DATA EXCERPTS
#####

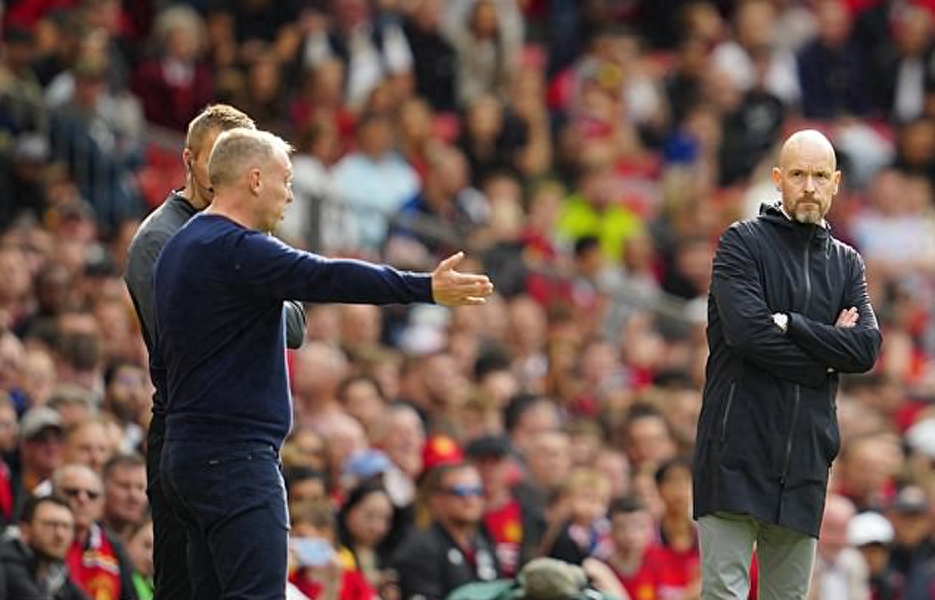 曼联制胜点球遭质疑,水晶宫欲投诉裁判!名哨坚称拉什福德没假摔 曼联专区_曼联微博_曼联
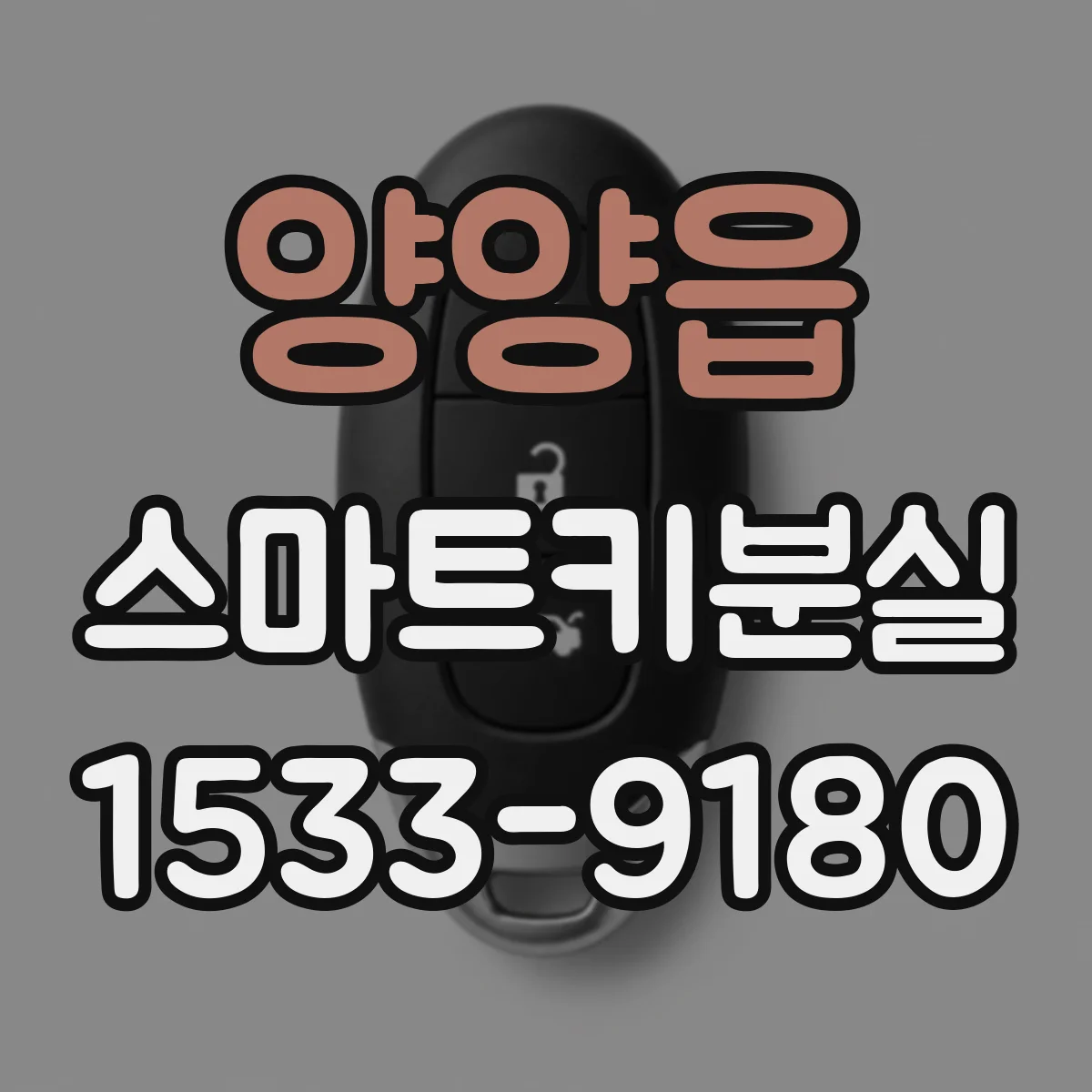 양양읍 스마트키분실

#####

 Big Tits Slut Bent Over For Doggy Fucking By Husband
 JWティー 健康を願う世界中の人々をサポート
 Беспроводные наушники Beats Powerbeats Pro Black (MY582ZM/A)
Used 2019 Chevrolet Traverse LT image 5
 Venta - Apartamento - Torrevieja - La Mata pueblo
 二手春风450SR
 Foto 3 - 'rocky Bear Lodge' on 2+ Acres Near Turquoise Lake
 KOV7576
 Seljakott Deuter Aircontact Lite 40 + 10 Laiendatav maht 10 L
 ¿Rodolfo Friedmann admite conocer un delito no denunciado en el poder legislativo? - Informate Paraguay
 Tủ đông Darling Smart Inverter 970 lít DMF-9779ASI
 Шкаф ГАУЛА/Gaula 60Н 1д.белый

#####

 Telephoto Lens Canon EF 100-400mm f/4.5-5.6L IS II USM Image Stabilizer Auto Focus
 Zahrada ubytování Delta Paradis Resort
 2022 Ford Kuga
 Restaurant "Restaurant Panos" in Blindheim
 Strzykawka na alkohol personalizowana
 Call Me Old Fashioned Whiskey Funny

#####

THE PROBLEM
Copy out, exactly and alone, the lines of the entries above between the ones holding "2022 Ford Kuga" and "Call Me Old Fashioned Whiskey Funny", inclusive.

COMPLETED TASK
 2022 Ford Kuga
 Restaurant "Restaurant Panos" in Blindheim
 Strzykawka na alkohol personalizowana
 Call Me Old Fashioned Whiskey Funny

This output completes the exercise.